## Required work
Extract exactly and only the lines from the one containing "ನೈಸರ್ಗಿಕವಾಗಿ ಮಾಗಿದ ಮಾವಿನ" through the end of the entries below. Pictures should not appear in the copy.

## Extracted records
○ ○ ○ ○

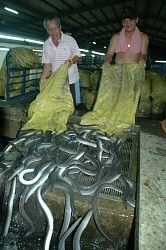 ウナギ:台湾の対日出荷量、昨年比３分の１の見込み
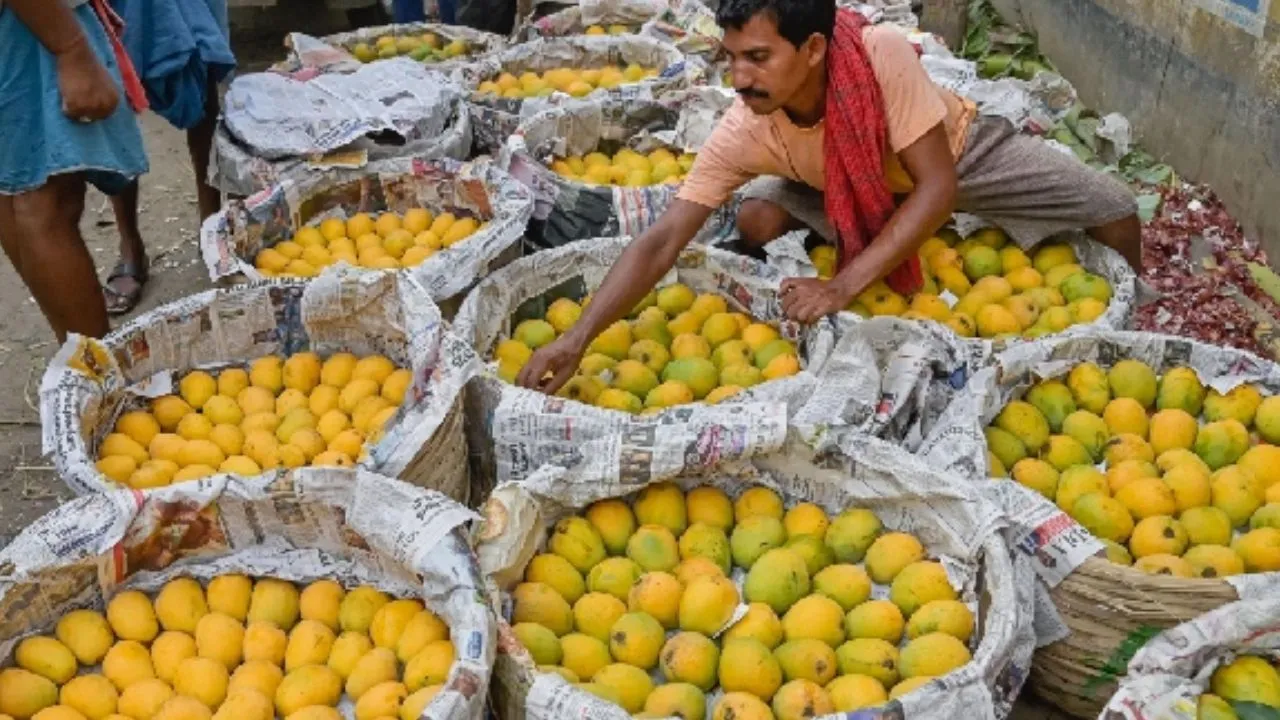 ನೈಸರ್ಗಿಕವಾಗಿ ಮಾಗಿದ ಮಾವಿನ ಹಣ್ಣನ್ನು ಗುರುತಿಸಬೇಕೆ? ಈ ಸುಲಭ ವಿಧಾನ ಫಾಲೋ ಮಾಡಿ - Image 7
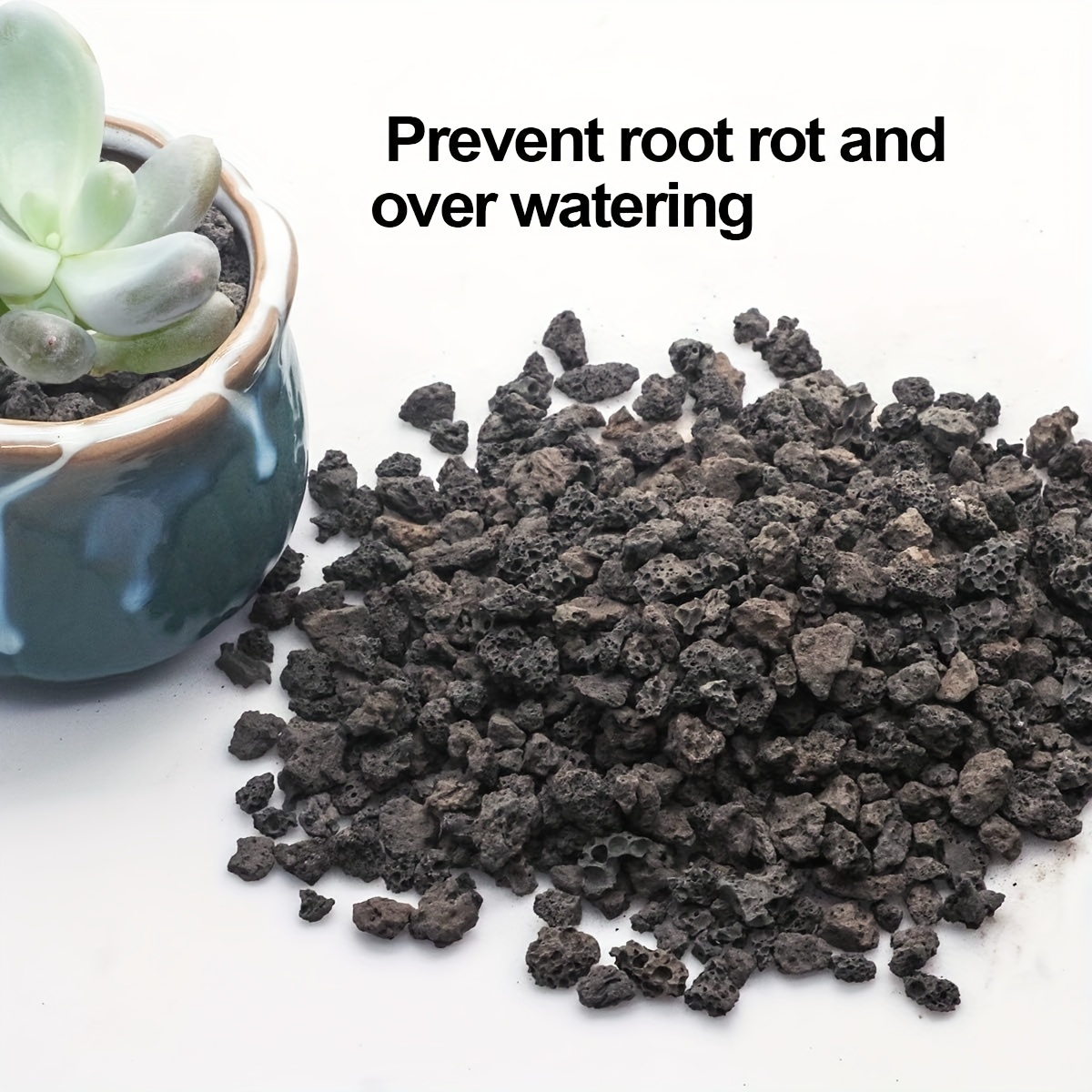 Porous Black Horticultural Lava Rocks, for terrarium drainage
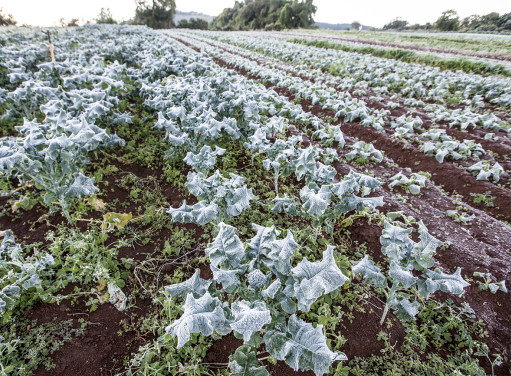 Fotografia de uma plantação com fileiras de plantas baixas e folhas largas. A superfície das folhas está com coloração esbranquiçada.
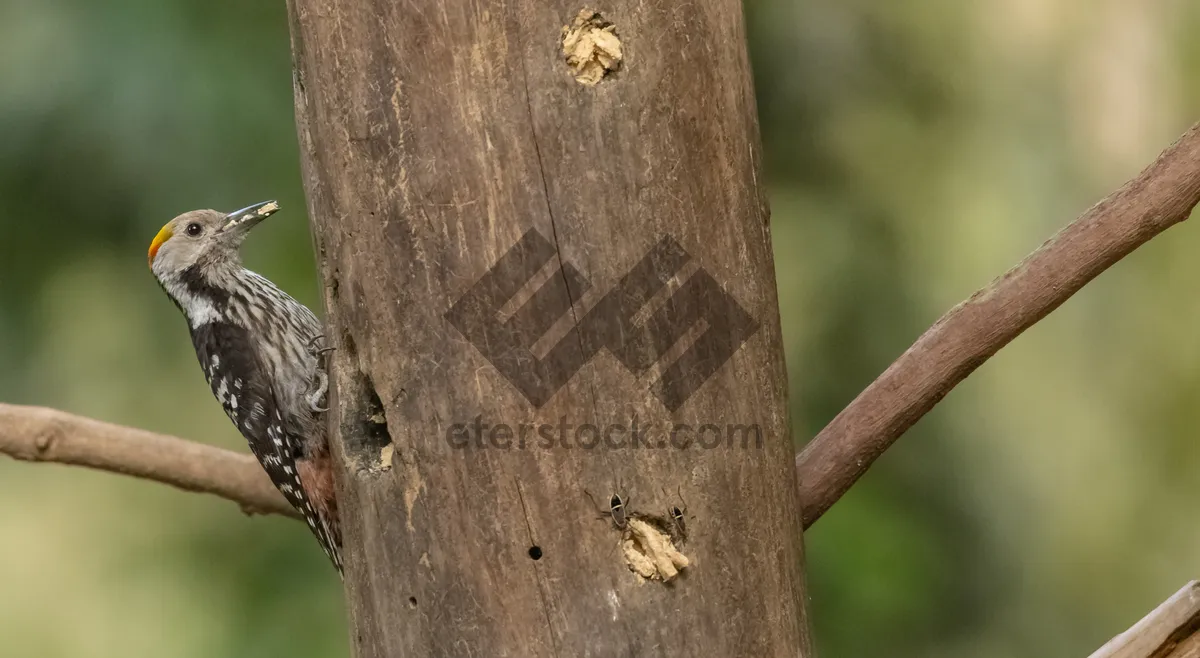 Picture of Rustic bark texture on old tree trunk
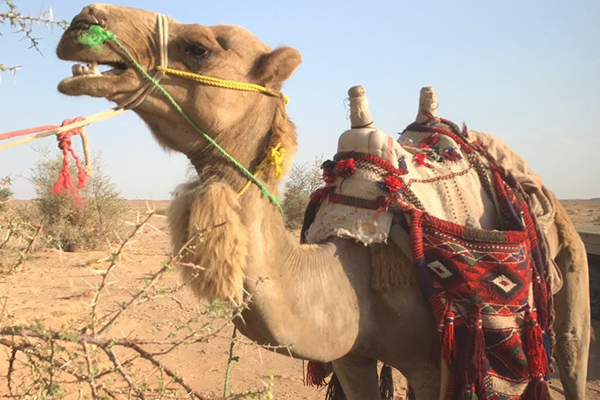 سوداني يهرب مخدرات على ’جمل‘ من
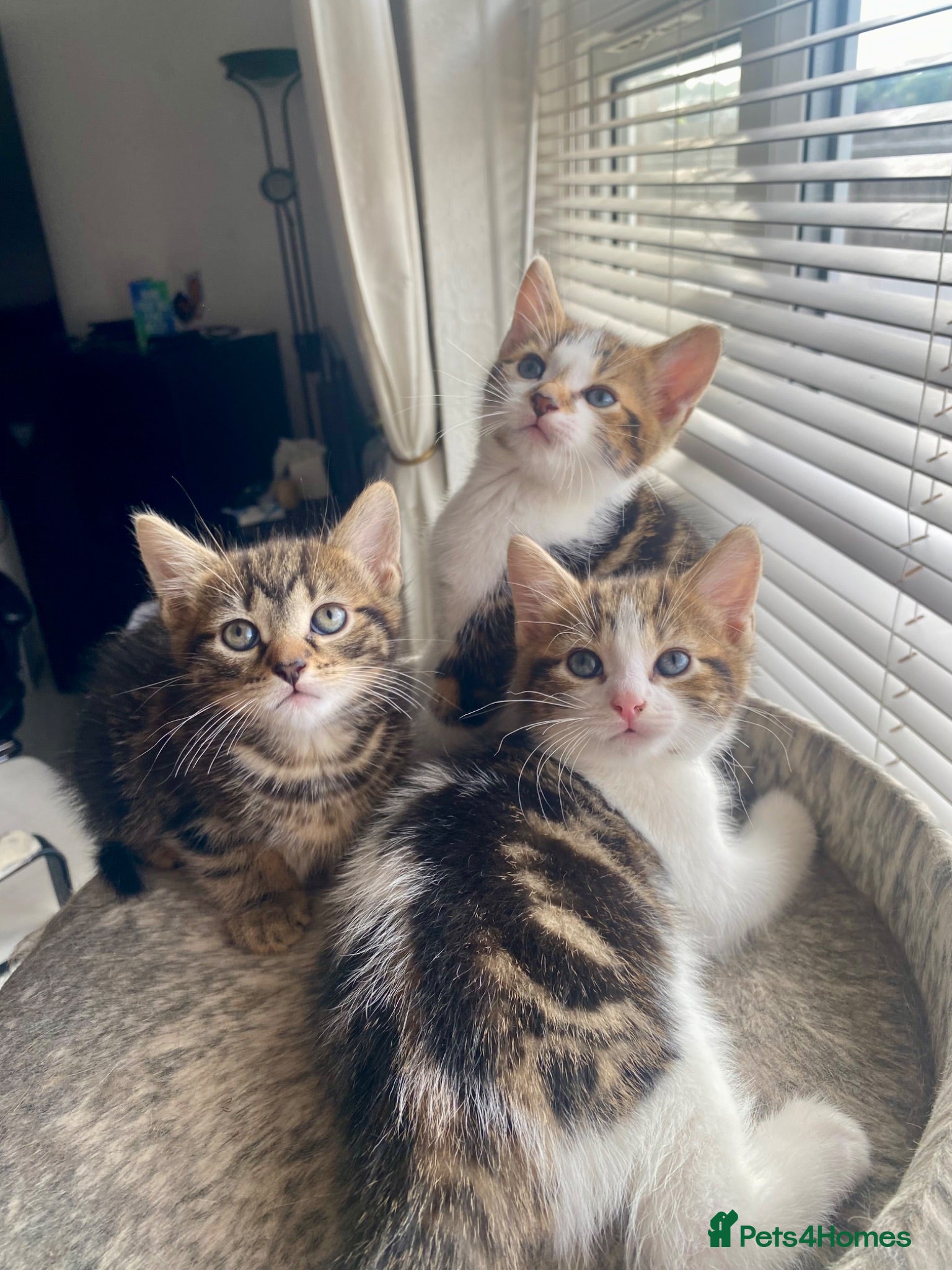 Mixed Breed cats Beautiful kittens ready now - Advert 1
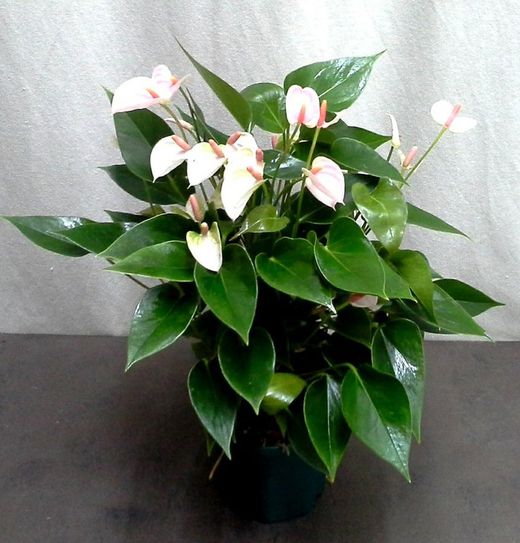 anthurium Mini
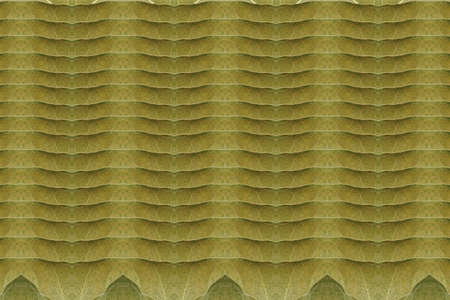 Create a pattern for leafの写真素材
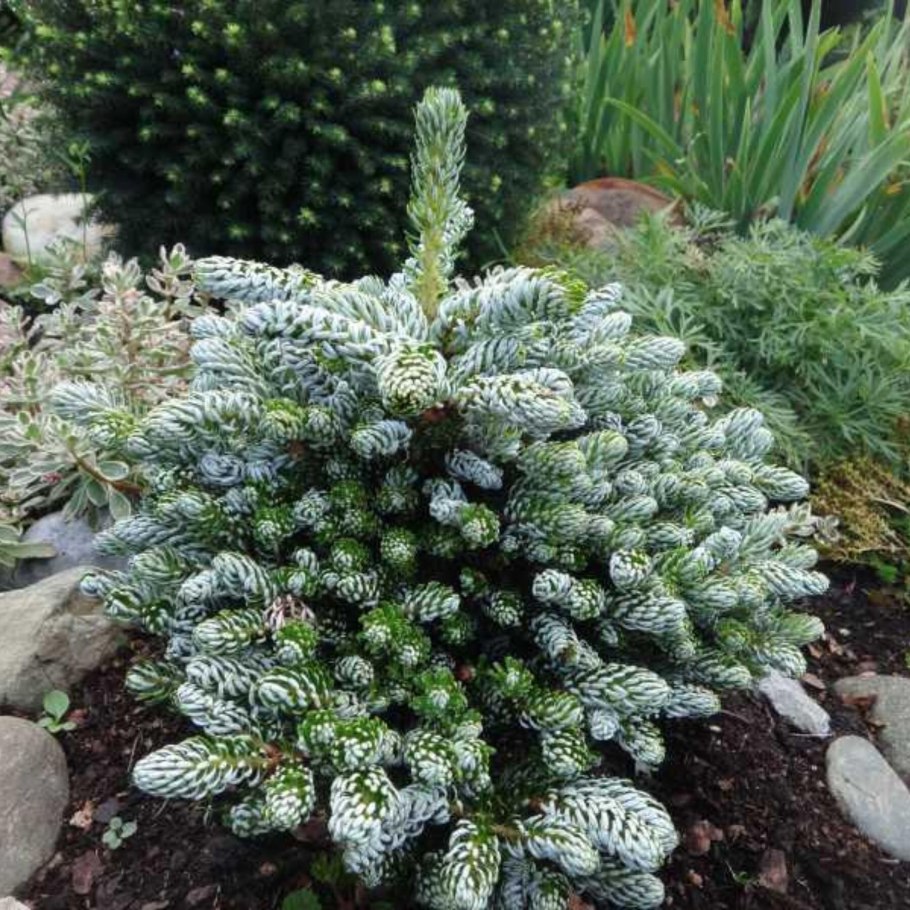 Пихта корейская когоутс айсбрекер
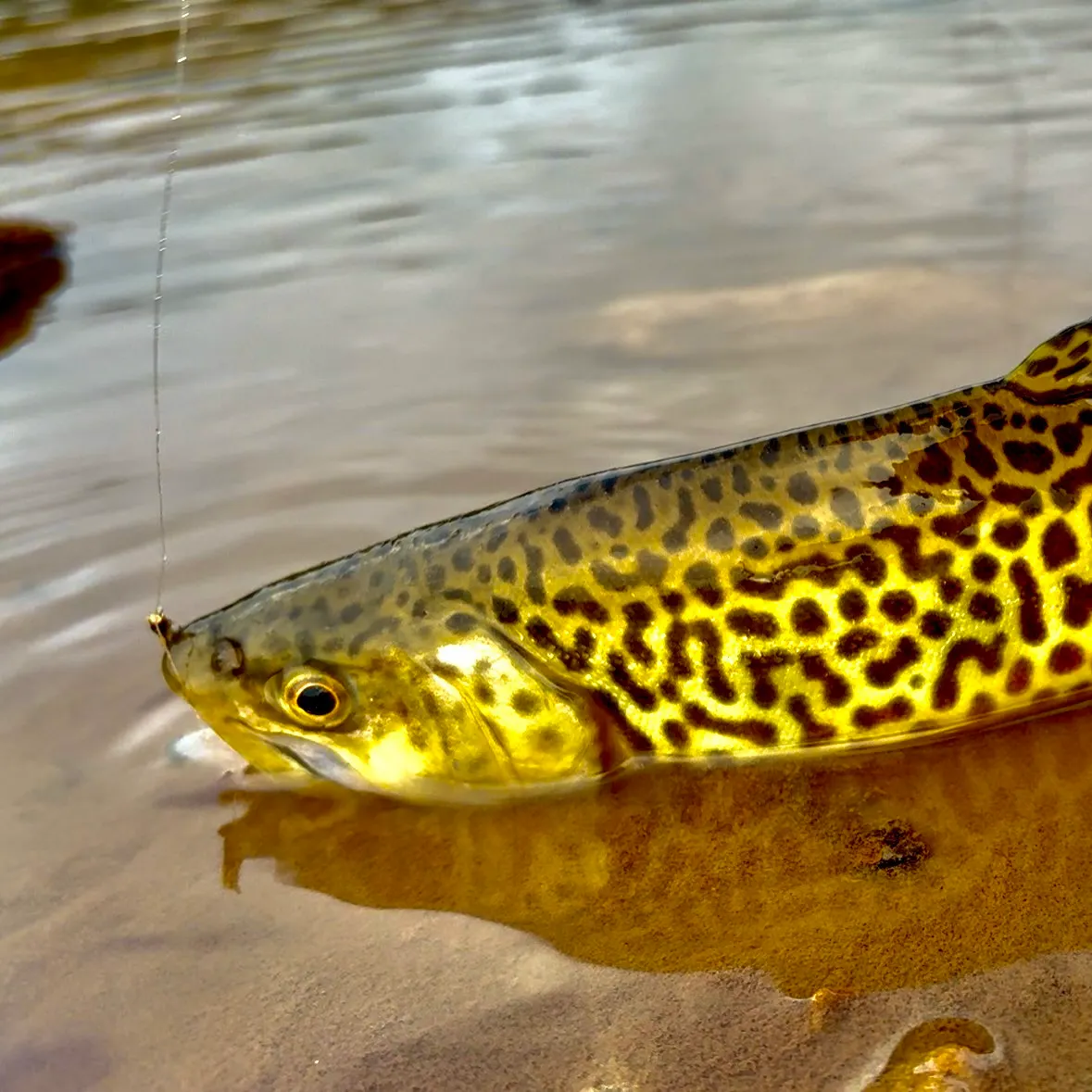 Tiger trout caught on Fishbrain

○ ○ ○ ○

## Solution below
 ನೈಸರ್ಗಿಕವಾಗಿ ಮಾಗಿದ ಮಾವಿನ ಹಣ್ಣನ್ನು ಗುರುತಿಸಬೇಕೆ? ಈ ಸುಲಭ ವಿಧಾನ ಫಾಲೋ ಮಾಡಿ - Image 7
 Porous Black Horticultural Lava Rocks, for terrarium drainage
 Fotografia de uma plantação com fileiras de plantas baixas e folhas largas. A superfície das folhas está com coloração esbranquiçada.
 Picture of Rustic bark texture on old tree trunk
 سوداني يهرب مخدرات على ’جمل‘ من
 Mixed Breed cats Beautiful kittens ready now - Advert 1
 anthurium Mini
 Create a pattern for leafの写真素材
 Пихта корейская когоутс айсбрекер
 Tiger trout caught on Fishbrain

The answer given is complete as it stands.